Hello Claus, sorry that I overlooked the part about Christmas spirit.

Please tell me a part/example you are very interested. I promise to deliver it before Christmas Eve.

Merry Christmas and a Happy New Year, Helmut

Reply to
Helmut Sennewald

Claus The LT in LTspice stands for Linear Technology. The purpose of the program is to promote Linear Technology products. LTC competitors offer designs tools, as well, but none can compare to LTspice. The company hopes you'll evaluate LTC products first before looking elsewhere. You certainly can't use National's Webench to design in a TI part while LTspice gives you that freedom.

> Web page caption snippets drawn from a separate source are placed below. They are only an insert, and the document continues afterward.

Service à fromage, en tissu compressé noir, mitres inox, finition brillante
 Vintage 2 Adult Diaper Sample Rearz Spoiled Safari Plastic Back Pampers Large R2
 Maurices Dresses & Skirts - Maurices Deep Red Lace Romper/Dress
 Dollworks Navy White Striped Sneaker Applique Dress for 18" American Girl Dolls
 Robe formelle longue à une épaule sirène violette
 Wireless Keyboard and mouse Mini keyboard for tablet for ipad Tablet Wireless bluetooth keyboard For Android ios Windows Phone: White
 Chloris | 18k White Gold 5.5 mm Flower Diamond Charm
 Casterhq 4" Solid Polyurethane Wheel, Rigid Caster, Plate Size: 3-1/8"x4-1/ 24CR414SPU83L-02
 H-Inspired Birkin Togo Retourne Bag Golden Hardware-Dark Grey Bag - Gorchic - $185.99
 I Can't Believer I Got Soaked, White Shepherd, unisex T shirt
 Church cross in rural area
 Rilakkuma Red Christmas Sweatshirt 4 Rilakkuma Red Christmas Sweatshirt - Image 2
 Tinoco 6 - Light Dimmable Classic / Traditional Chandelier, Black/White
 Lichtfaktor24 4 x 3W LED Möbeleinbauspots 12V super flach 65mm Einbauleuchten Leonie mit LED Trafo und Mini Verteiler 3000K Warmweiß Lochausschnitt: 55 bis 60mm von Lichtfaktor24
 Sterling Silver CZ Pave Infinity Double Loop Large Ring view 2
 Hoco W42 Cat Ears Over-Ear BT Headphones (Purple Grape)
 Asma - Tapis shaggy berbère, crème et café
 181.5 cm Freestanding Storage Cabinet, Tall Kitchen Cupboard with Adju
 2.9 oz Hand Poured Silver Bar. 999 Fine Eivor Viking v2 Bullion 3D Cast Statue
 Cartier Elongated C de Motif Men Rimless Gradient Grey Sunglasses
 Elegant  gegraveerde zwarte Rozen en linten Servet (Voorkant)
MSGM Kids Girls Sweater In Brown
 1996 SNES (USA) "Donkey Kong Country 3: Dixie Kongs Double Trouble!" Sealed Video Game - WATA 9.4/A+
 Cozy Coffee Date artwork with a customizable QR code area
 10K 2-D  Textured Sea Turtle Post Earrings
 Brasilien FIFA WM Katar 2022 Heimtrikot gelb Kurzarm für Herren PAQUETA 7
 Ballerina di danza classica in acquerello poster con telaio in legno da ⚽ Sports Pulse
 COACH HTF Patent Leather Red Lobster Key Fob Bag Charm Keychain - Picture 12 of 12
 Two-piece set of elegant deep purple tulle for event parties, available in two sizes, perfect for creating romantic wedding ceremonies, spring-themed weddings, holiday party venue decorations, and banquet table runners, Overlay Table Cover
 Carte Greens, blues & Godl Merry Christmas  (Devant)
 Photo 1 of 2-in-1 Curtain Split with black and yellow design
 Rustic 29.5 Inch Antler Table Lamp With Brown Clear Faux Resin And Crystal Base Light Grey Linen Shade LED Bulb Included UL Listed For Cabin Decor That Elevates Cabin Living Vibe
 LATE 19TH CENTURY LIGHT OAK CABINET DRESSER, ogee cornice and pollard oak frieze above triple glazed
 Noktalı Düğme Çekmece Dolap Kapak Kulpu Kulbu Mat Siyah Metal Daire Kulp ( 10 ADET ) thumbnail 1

You, as a user, can import any spice model you want to use into the program, but if any other semiconductor vendor attempts to model his products using the program, Linear Tech will sue them. This is discussed in the License Agreement/Disclaimer in the Help file. Linear Technology maintains ownership of the program. The LTspice group on Yahoo is the place to go for help not covered in the program Help file.

- Dave

Reply to

As some readers would already know, LTSpice is a great analog simulator but most of the included models are Linear Tech brand.

I have done some research, but still can't figure how to reliably import spice models from other providers.

Can some kind soul infused with the Christmas spirit please list in

1,2, 3 ... fashion how to do this, or direct me to an online source for same.

Maybe provide an example using a specific part, if possible.

Given the apparent popularity of this excellent program, I assume others would also benefit from this information in the future.

Many thanks,


Reply to
Claus Jensen

Thanks Helmut for the kind offer, but your previous excellent email has more than filled my socking :-)

Seriously, the spice models I need are fairly basic so I have hope of finding them on the mfr's sites.

I will also check out the group files you mention.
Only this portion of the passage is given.